Tips for Edible Gardening in Small Spaces
Make the most of a small garden space by mixing flowers and vegetables in an ornamental edible garden.
Gardening in small spaces can be a struggle, especially when it comes to growing food. Maximize your minimal gardening space by strategically pairing fruits, vegetables and flowers.
How To Create an Edible Garden 02:50
Mix & Match
Mix fruits, vegetables and flowers together in your edible garden. The flowers attract beneficial bugs that will pollinate the vegetables. They can also deter harmful insects resulting in better growing conditions and better-tasting food.
Know the Best Companions
Certain plants and vegetables thrive when grown together. Take time to learn which plants belong together and which ones not to put near one another. Marigolds, tomatoes and basil are best friends, but tomatoes won't fair so well when planted next to corn, dill or potatoes.
Fertilize & Mulch
Sprinkle fertilizer granules in the hole before adding the plant to give it a boost. After planting, add an organic mulch around the plant. The mulch will help deter weeds and keep the plant's roots moist.
Forget About Straight Lines
Make the most of your small space by not planting everything in straight rows. Place plants in curves to use every square inch and to keep your garden looking natural and informal. And don't forget to pair symbiotic plants together like these peppers and petunias.
Use Color as a Focal Point
Blocks of color create harmony and will help make your garden look bigger than having random colors everywhere. Use foliage as well as flowers to create interest. Lavender and eggplant are good color combos as well as yellow squash and black-eyed Susans.
Don’t Forget Pathways
Give yourself enough room to reach the plants when they're at full maturity. It may seem counterintuitive to waste space on a path if you have a small yard, but having another garden feature like a pathway makes the space feel bigger because now there is a destination. Keep the pathways simple and tidy. Here, we paired a dark shade of mulch with a light shade of wood chips to give the walkway an attractive contrast.
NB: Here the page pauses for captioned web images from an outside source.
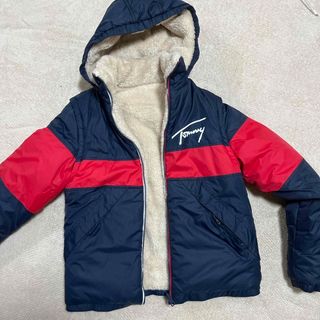 TOMMY JEANS - 【美品】トミージーンズ ワンポイントロゴ入りダウン ...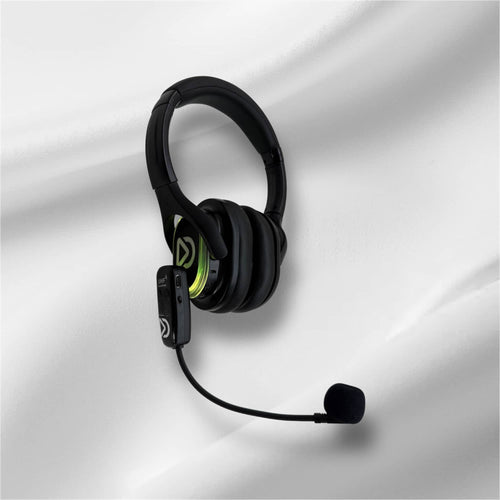 10x type RD-Pro Headsets + 1x Microfoon + Bluetooth. Premium Silent Disco pro kit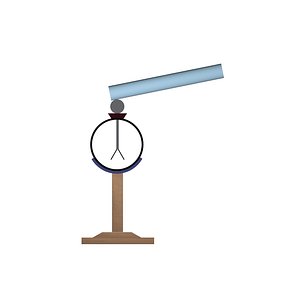 Electroscope 3D model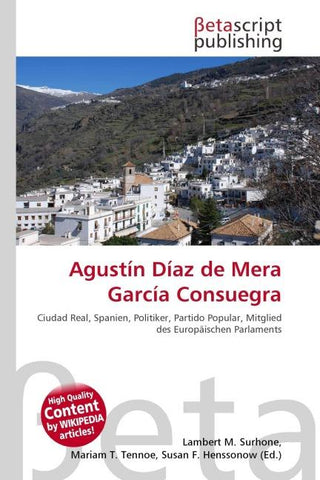 Agustín Díaz de Mera García Consuegra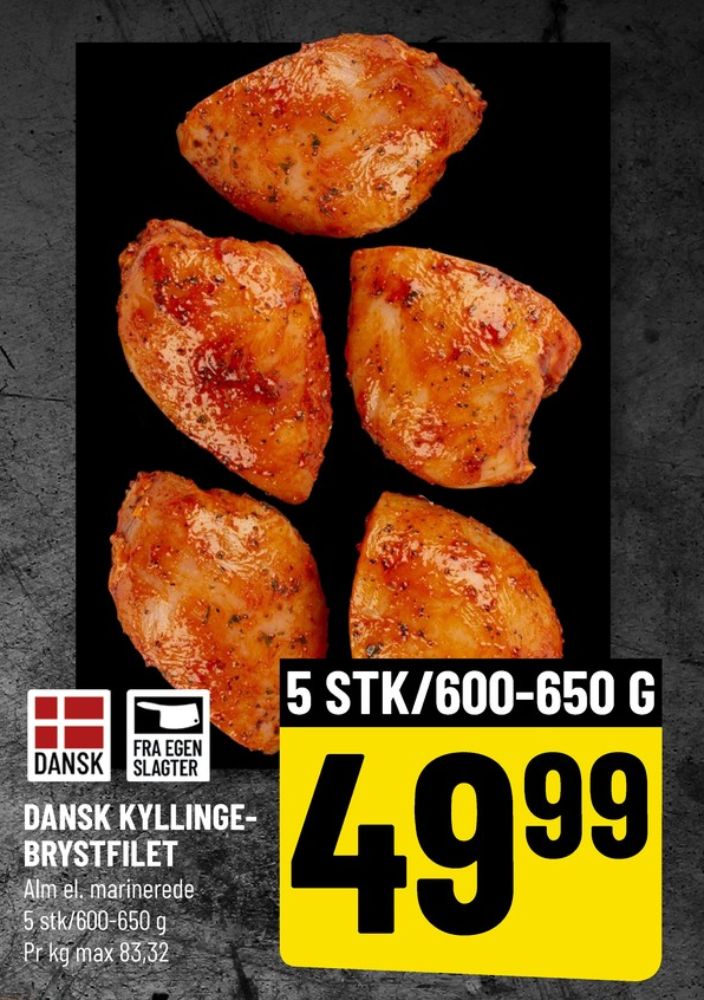 Kyllingebrystfilet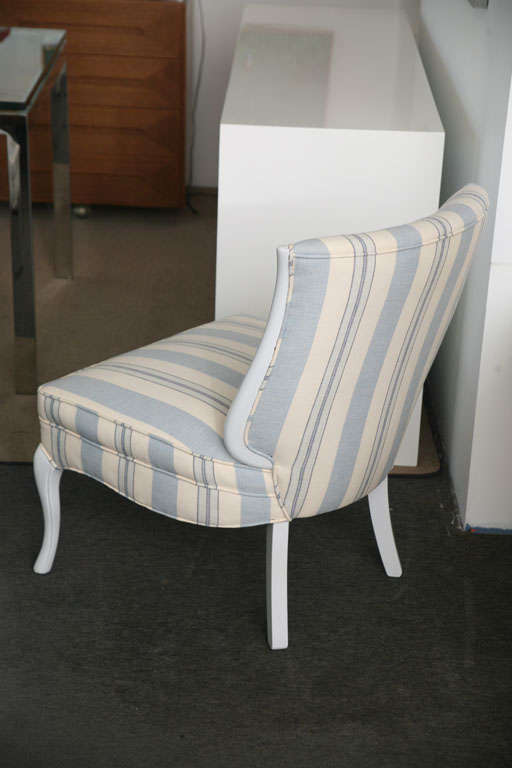 Hamptons Decorators Side Chairs For Sale 2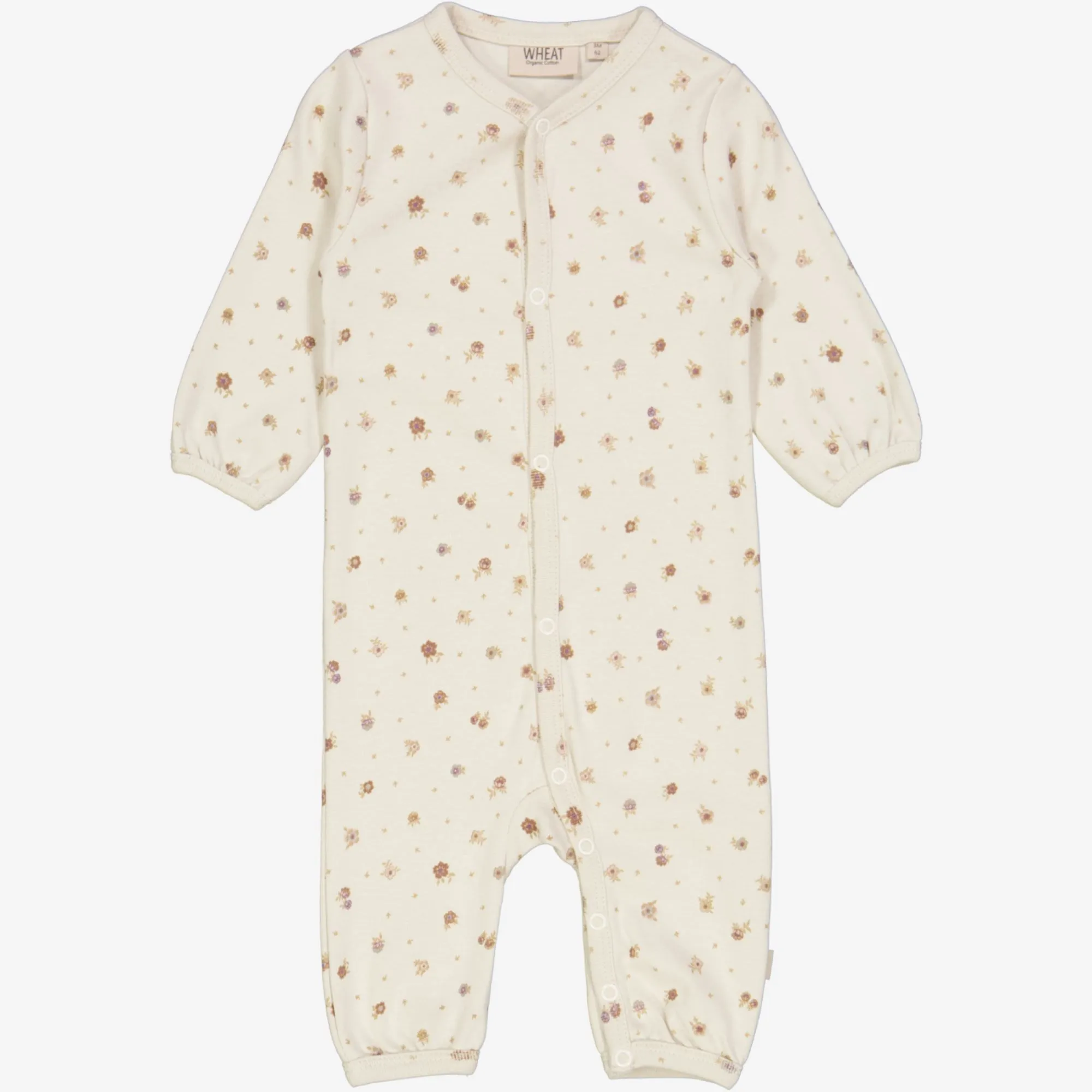 Jumpsuit Felizia - chalk flowers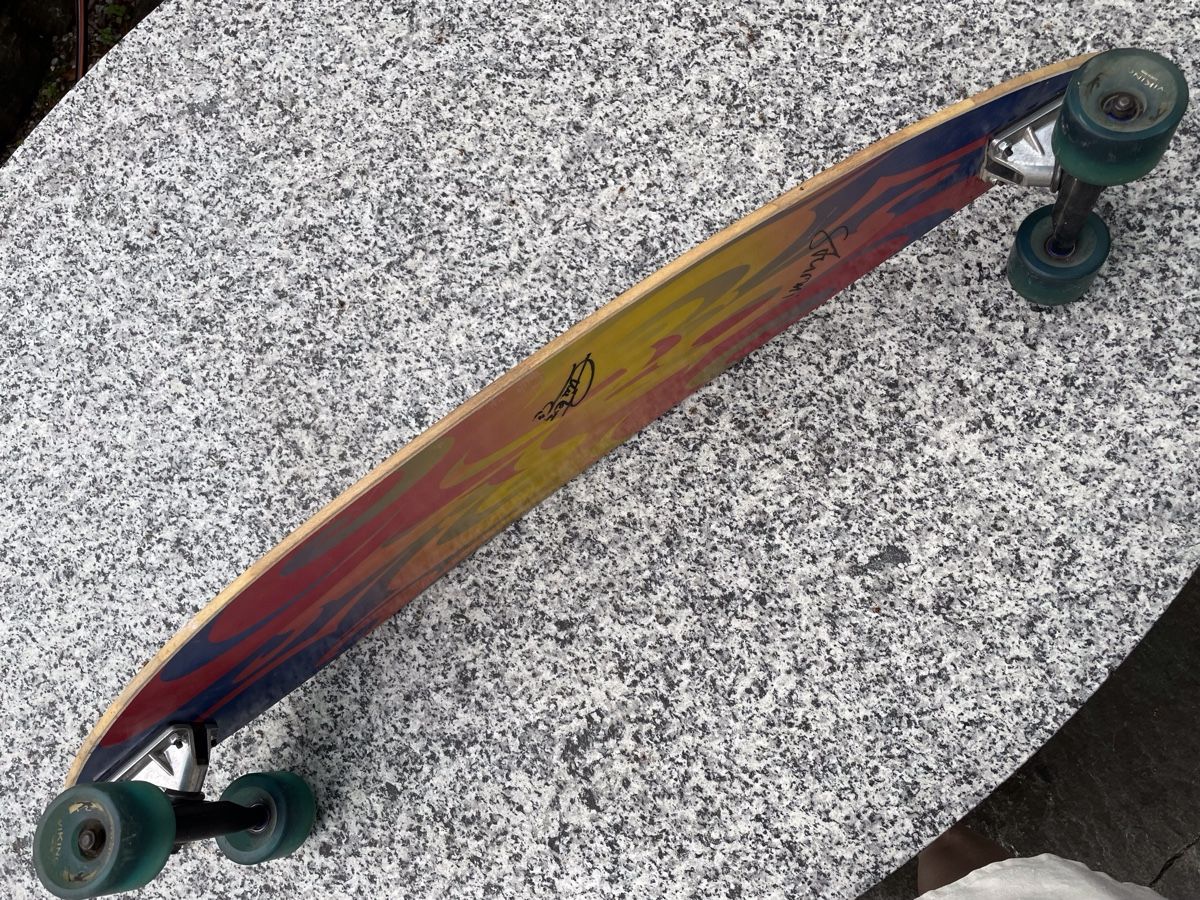 Skateboards: Longboard Pumpkin Viking – Usato da Winterthur venduto da u22 2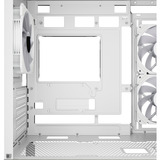 Sharkoon MK7 ARGB Generalüberholt, Tower-Gehäuse weiß, Tempered Glass x 2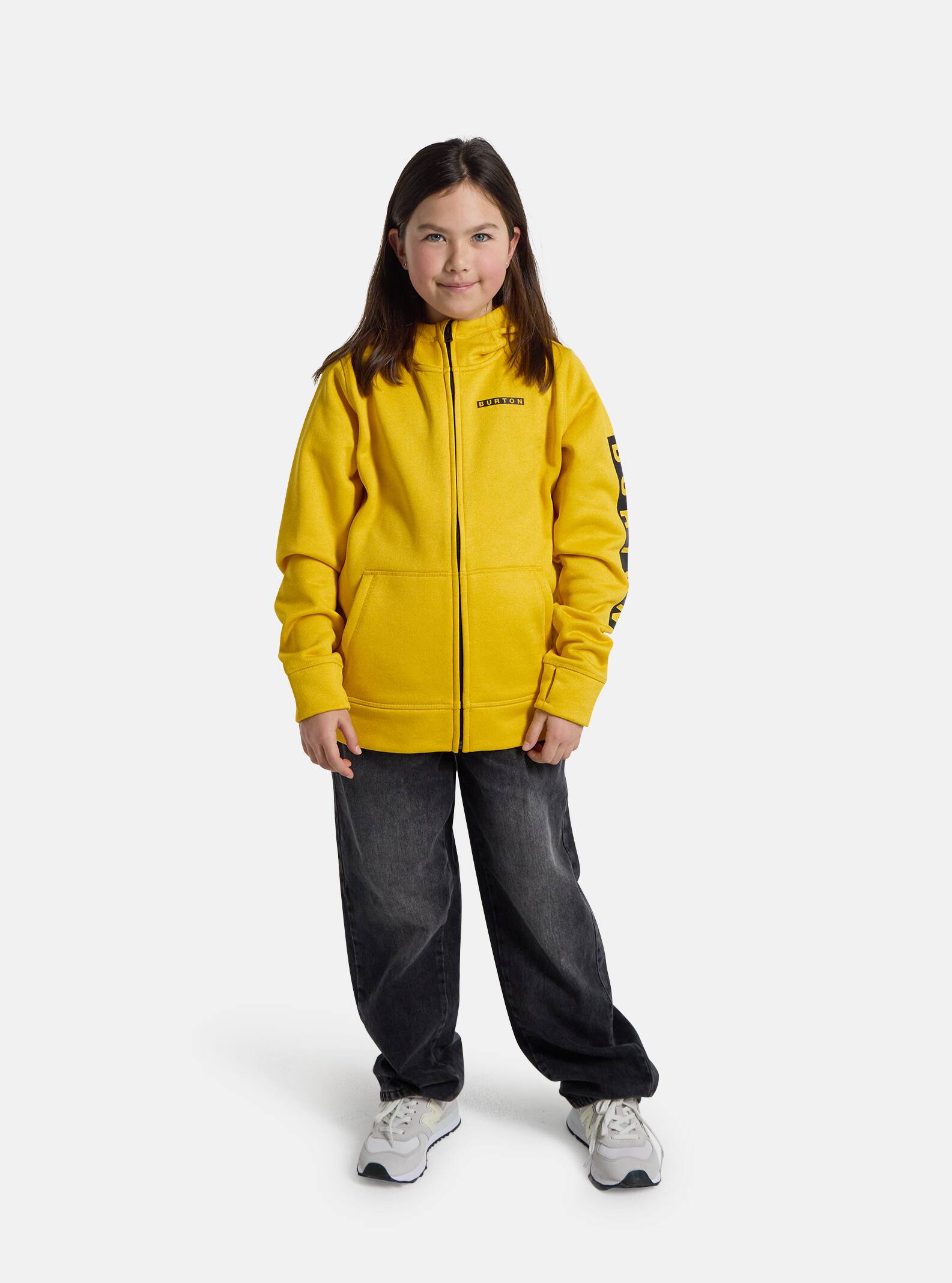 Kids' Burton Oak Full-Zip Hoodie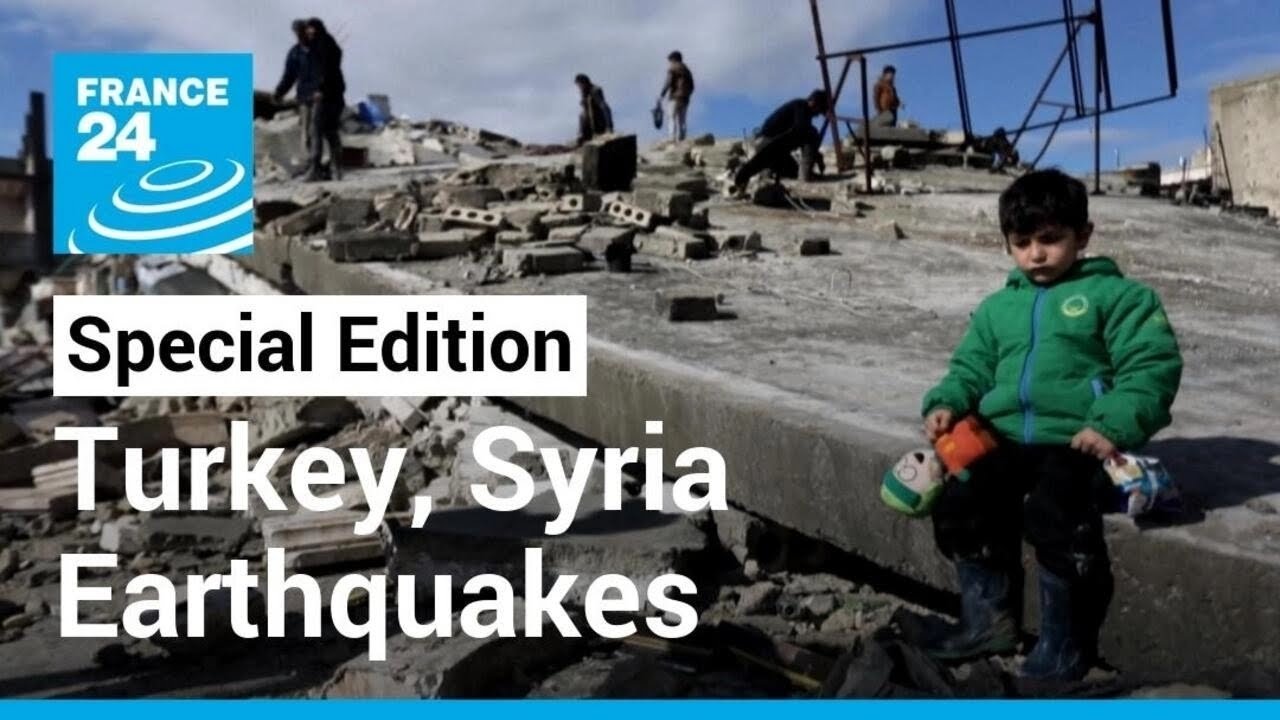 Turkey, Syria Earthquakes: Race to find survivors as international aid pours in • FRANCE 24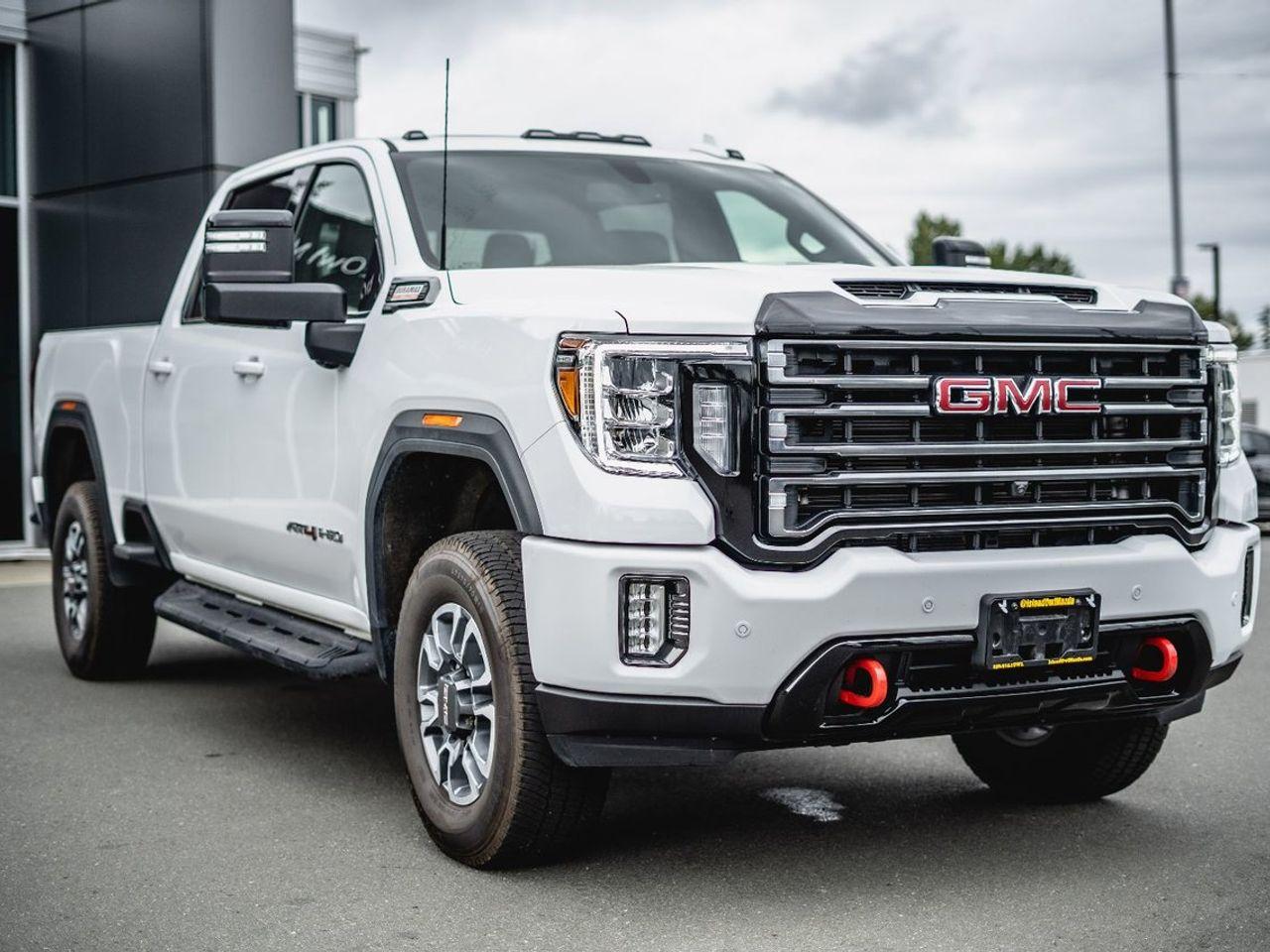 2021 GMC Sierra 3500HD AT4-4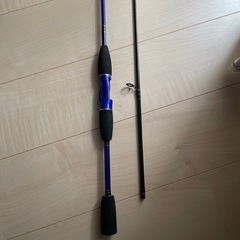 釣り竿の画像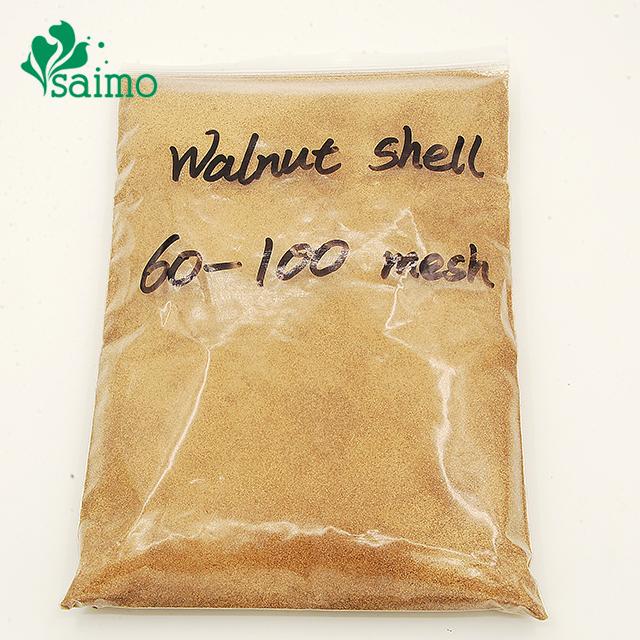 Oil Removal Filtration Material Walnut Shell Filter Media 4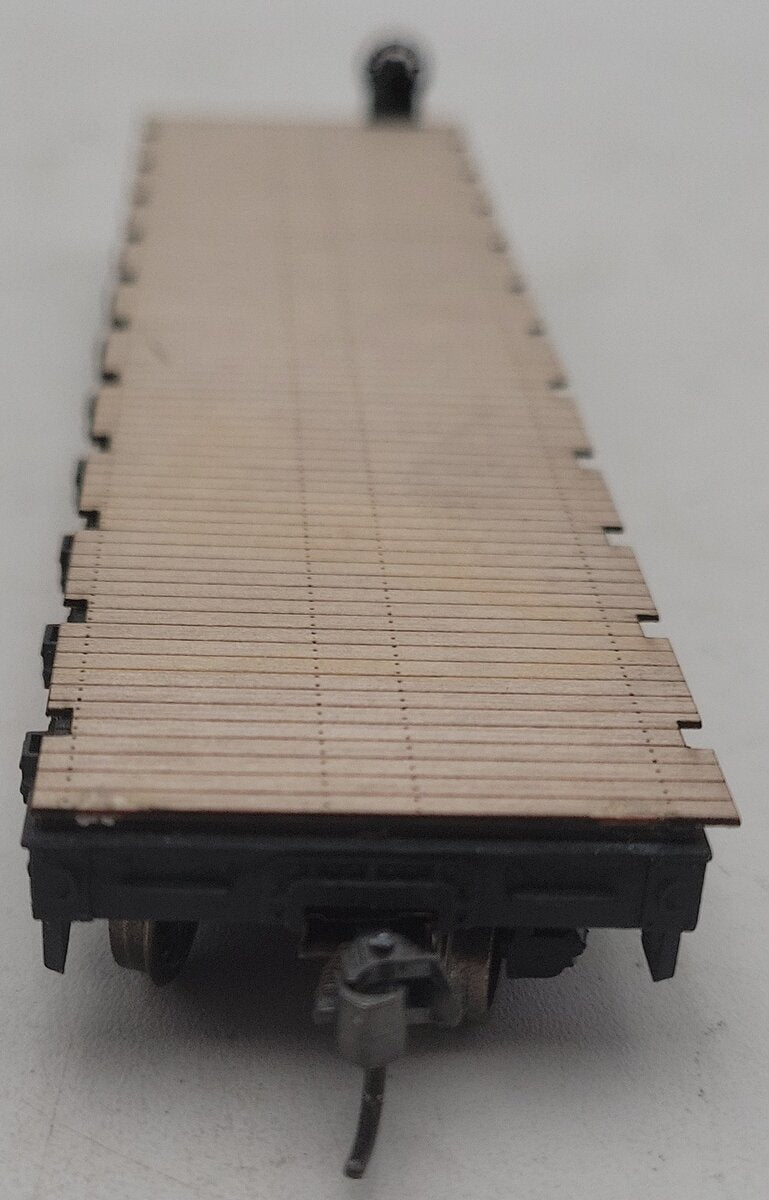 Athearn 1348 HO Scale 40' Southern Flat Car #116262 EX/Box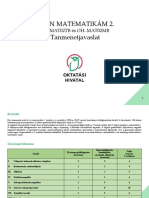 OH-MAT02TB Matematika 2 Tanmenet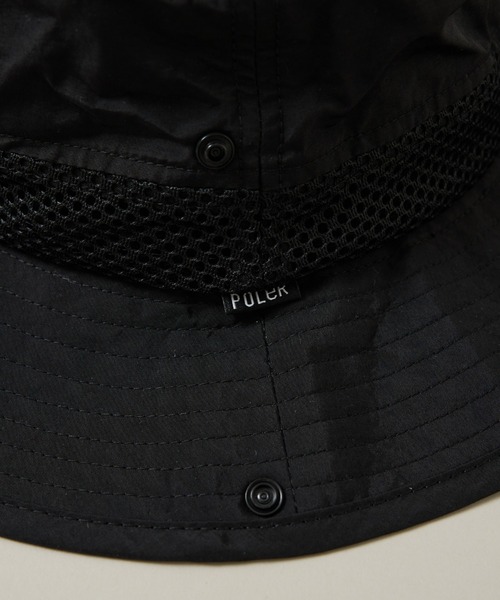 POLeR(ポーラー)の「【POLeR/ポーラー】2WAY DRAW+SUNGUARD BRIM HAT / 2WAYブリムハット / 261MCV0027(ハット・メンズ・グレー/カーキ/ブラック/ネイビー・フリー)」の7枚目の写真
Trellises are great for small space gardening – they're functional and add visual interest. Containers also add height and allow more growing room in beds. Try unique or upcycled containers to add whimsy and character to the garden.
Grow for the Light Conditions
Most summer vegetables thrive in full sun, and some fruits can take partial shade including raspberries and blackberries. Herbs like mint and parsley will also do well in light shade. An edible garden allows beauty and bounty to work together.